Program comprehension is a very important skill a software engineer need. Many researchers conduct experiments on program comprehension in order to improve tools, documentation, and maintenance guidelines supporting program comprehension. Individual programmers’ productivity might vary significantly even though they have similar background. Thus, the subjects’ background is very important when conducting and analyzing experiments on program comprehension. The survey presented in this short Master thesis identifies subjects background information reported in software experiments on program comprehension. The background information reported in 24 articles was systematically analyzed in order to answer what kind of background information is reported and how the background information was used in the analysis.

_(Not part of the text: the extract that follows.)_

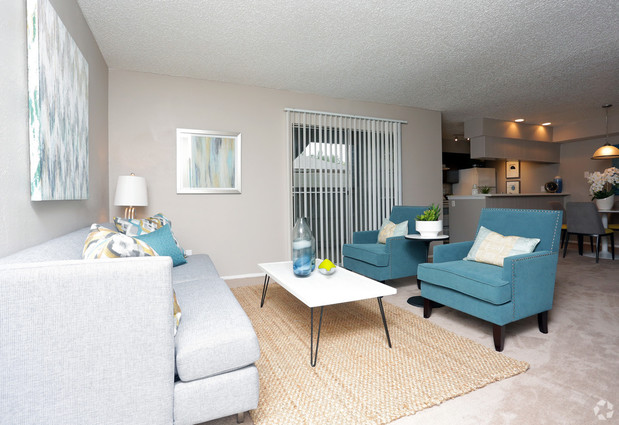 Images Custer Park Apartments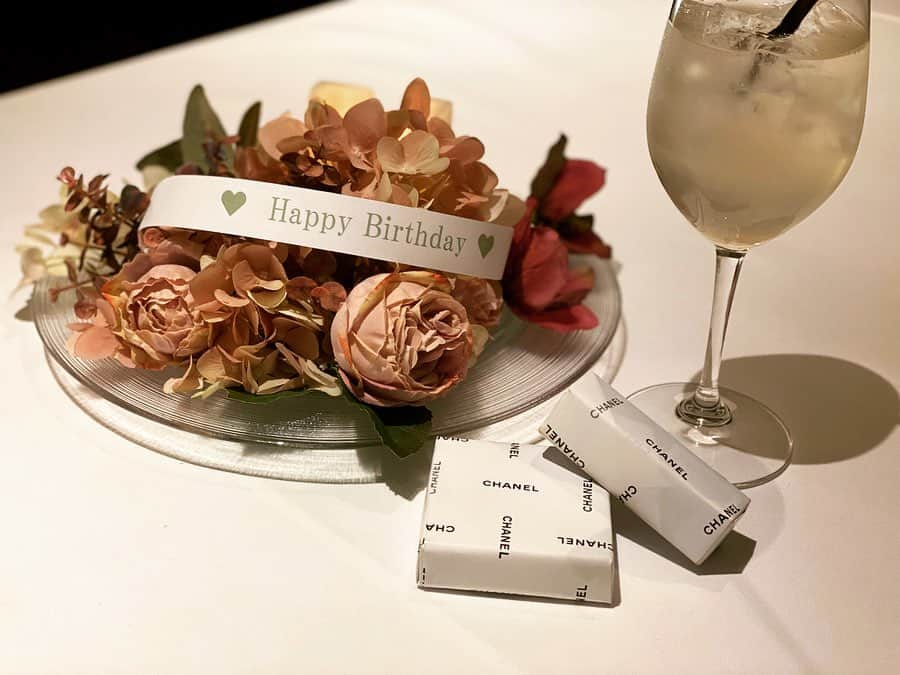 瀧谷まゆのインスタグラム：「お誕生日だったので 念願のルミュゼに連れてってもらった〜🍴💓 初めましての味と食感にお口が楽しかったし 見た目もとっても美しかった🥺🥺 ポートレートがやっと 上手になってきたので 珍しくご飯載せちゃう！！ #ルミュゼ」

The articles reports many different background variables, but the overall impression of the background information reported in program comprehension experiments is that it is rather arbitrary and small. The analysis shows that there is a need for standards and guidelines of how to collect and report subjects’ background information. The survey shows also that almost no background information of the subjects is used in the experiments’ analysis. The articles in this survey provide so little information about the subjects’ background that it is difficult to perform replications and meta-analysis. This thesis aims to make researchers more aware of the subjects’ background in their experiments and reports.
On the basis of the results of the analysis I have suggested background variables that should be collected in comprehension studies and proposed a background questionnaire. The questionnaire was used in an experiment with 24 subjects from the industry. I report here experiences with the questionnaire.